What is a song? That seems like a question we shouldn't have to ask, but if we're being honest with ourselves, I have a feeling not many of us have given a lot of thought as to the answer. It feels obvious, because we spend so much of our time listening to songs, that it falls under the Supreme Court dictate on pornography; we know it when we hear it.
At a fundamental level, a song is nothing more than a collection of musical ideas, but we know it's more than that. There's something magical about a great song that extends beyond chord progressions or notes on staff paper. We can study theory our entire lives and not be able to use it to explain why songs move us the way they do. There is something ethereal about songs, something only a few people have ever been able to be able to tap into again and again.
Songs are music, so it would seem like people who write music are writing songs. But is that really the case? When we look at any number of rock and/or metal bands, we see a fairly common structure where an instrumentalist will write and compile the riffs, while the singer will then write the lyrics and melody to sit atop. That leaves us to question if they are both writing the song, if only one of them is doing the heavy lifting, or if it all depends on the nature of the song when it is finished.
I once got in trouble for arguing that a guitar player in a major band wasn't necessarily a 'songwriter', because it could be said he was just compiling riffs. This was not said about Metallica, although the assembly-line nature of their riff collages is now very well known, and does give some credence to my line of thinking. No, what I was getting at is a fundamental truth about songs that rock and metal fans don't like to admit to themselves, because it works against the nature of the music we listen to.
Songs are defined by their melodies.
In the majority of cases, that is the truth. The vocal and the vocal melody are the identity of the song that the casual audience will know, in most instances. While there will always be songs like "Iron Man" known for a riff, or "We Will Rock You" where the drum beat (despite its simplicity) sets the tone, the majority of songs exist as the vocal, if for no other reason than that is the human connection we have with music. It's far easier for the listener to sing along with a song than it is to hum a bass-line.
But this extends further. If you look online, you can find covers of nearly any song in the world being done in different styles. If you take a pop song and give it heavy guitars and double-bass drumming, it will still sound like the same song. If you take a metal song and play it on piano, it will still sound like the same song. You can change nearly everything about the instrumental, and the song will still be identifiable as the same composition, so long as the main melody remains the same.
Think about the inverse.
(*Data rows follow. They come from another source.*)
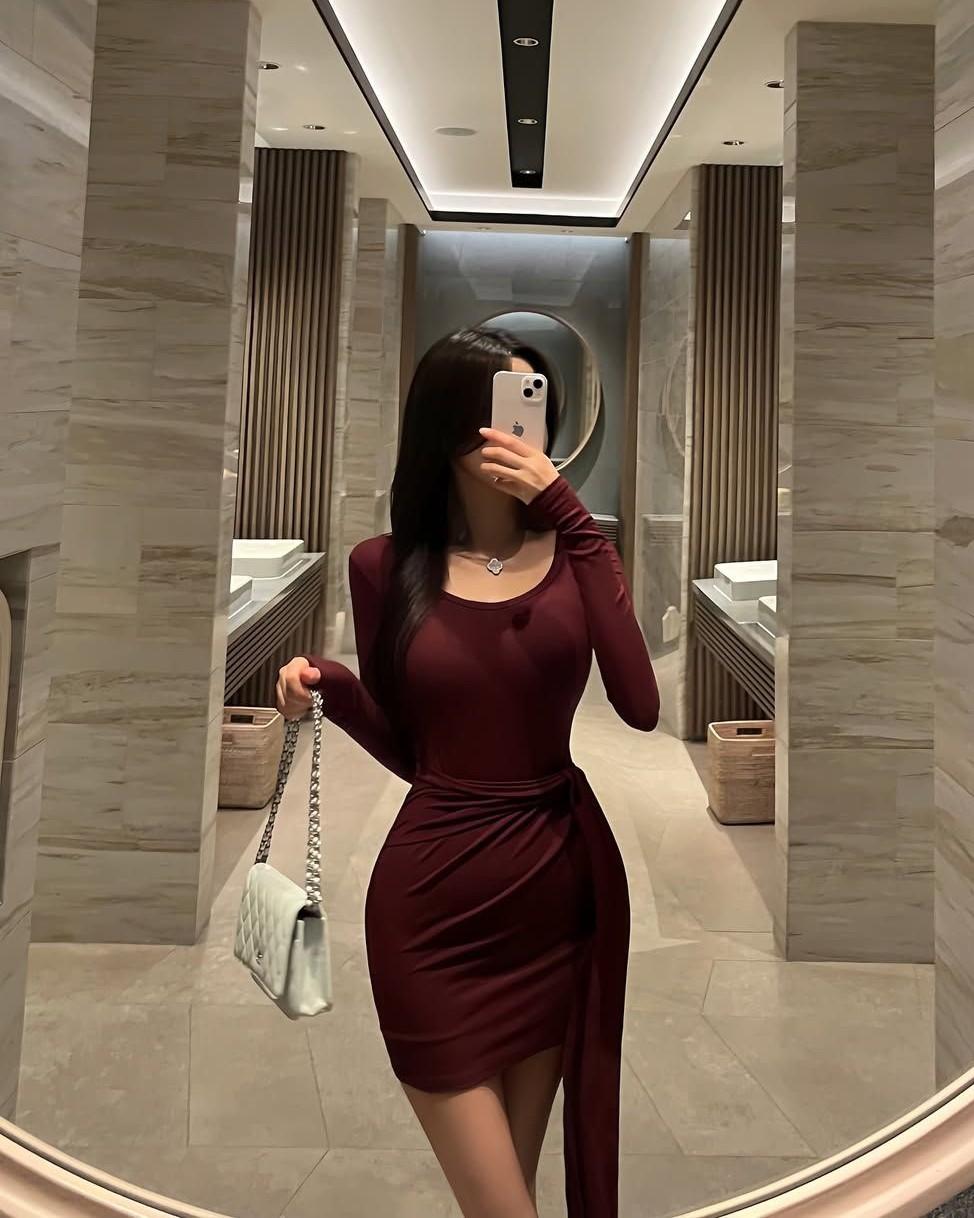 Bị Cả Công Ty Cô Lập Ba Tháng, Đêm Tiệc Tất Niên Tôi Bước Lên Sân Khấu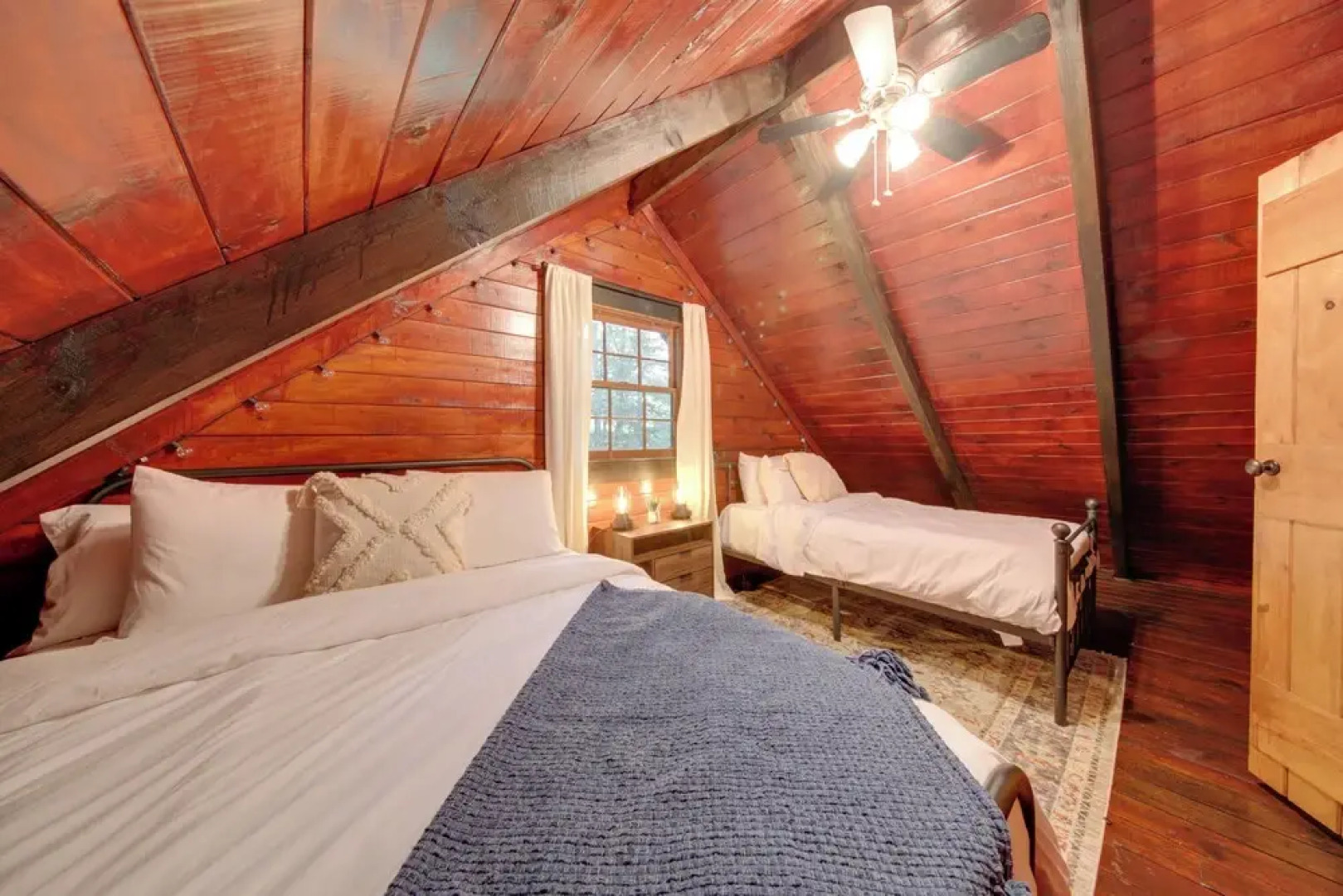 Charming Blue Ridge Mountain Cabin w/ Hot Tub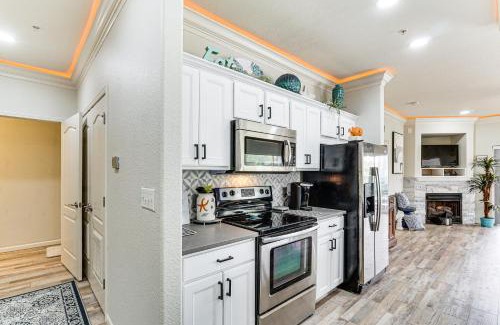 Lake Ozark Apartment | Lake of the Ozarks Retreat with Waterfront View!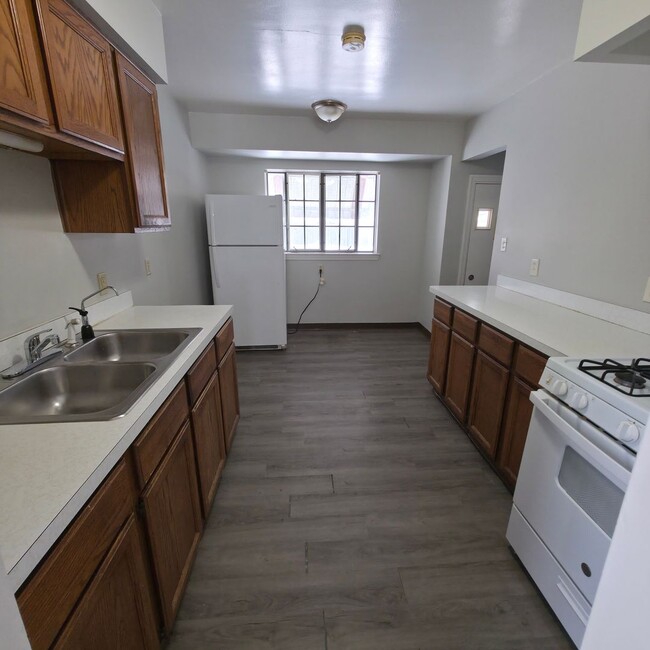 Foto del edificio - Single Family Home 2 beds 1 bath Available Now!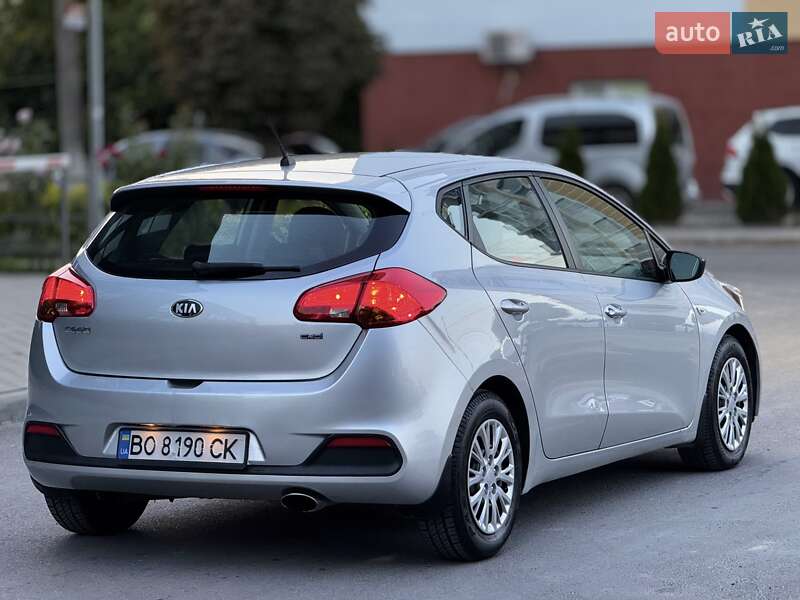 Хэтчбек Kia Ceed 2012 в Тернополе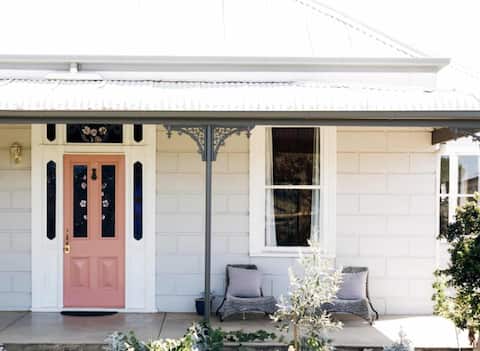Country Cottage, vineyard/rural views, 6-8 sleeper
If you take most of your favorite songs and put a different lyric and vocal melody on them, would you consider them to be the same song? That was inadvertently the case when Beyonce and Kelly Clarkson were essentially given the same backing track. The results were "Halo" and "Already Gone", two songs that sounded similar, yes, but they were hardly the same. That's for the simple reason that we only have so many notes, and it's the inflection of the human voice as we put words to those notes that gives songs their unique identity. You can almost always identify what song a singer at karaoke is performing, no matter how bad they might be.
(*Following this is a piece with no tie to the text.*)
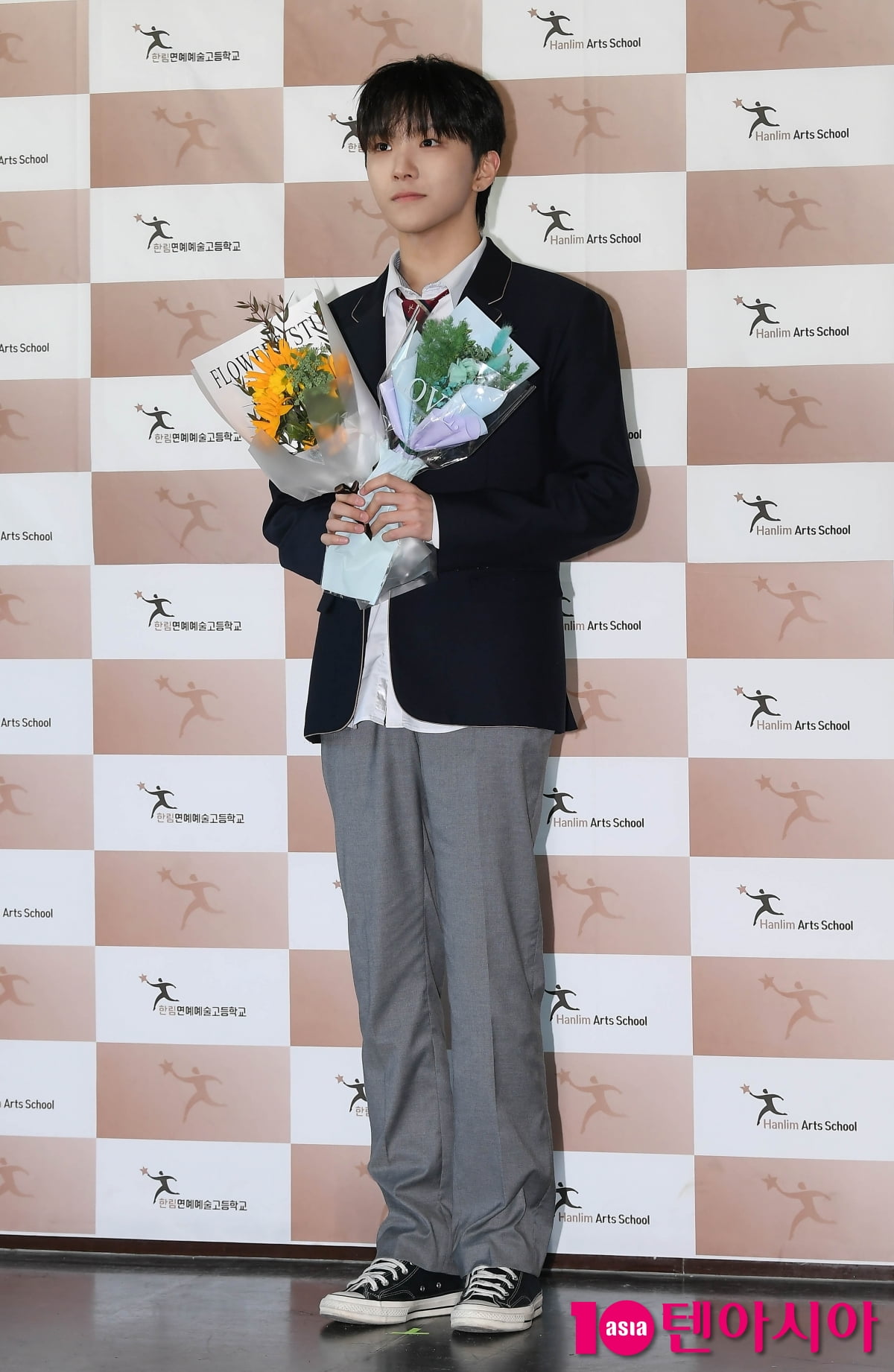 보이넥스트도어 김운학, 고등학교 친구들 졸업 축하해[TEN포토+]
That isn't to say guitar players and the like aren't important, but it does go to the question of why singers are so often viewed as being the face of a band. They are the one piece of the song that cannot be removed. You can perform songs acapella and they work. You can't perform most songs without the singer and have them hold up. That simply isn't the format our popular music is written in. And given how infrequently a purely instrumental song becomes popular, that feels like a more universal truth than merely a happenstance of how the system has been set up.
That isn't to say instrumentalists aren't important, or that you can't prefer guitar riffs to vocal lines if that's your thing. I'm merely musing on the nature of what we listen to, and how sometimes our communities get siloed off to such a degree we lose touch with the wider picture. We are the types who keep making lists of the greatest guitarists based primarily on their ability to solo, when the fact of the matter is that not only are solos only a fraction of playing a song, but guitar itself is usually not the prime factor in making a song what it is. Listen to any sports arena chanting the riff to "Seven Nation Army" and tell me how many guitar players have ever played a solo that has moved so many people.
The magic of music isn't in dexterity and amazing people with flashy skills, it's in writing and playing songs that stick with us for our entire lives. Those are the songs that mean everything, the ones that will live forever. It's worth taking a moment to really think about what we're remembering, and why we're remembering it.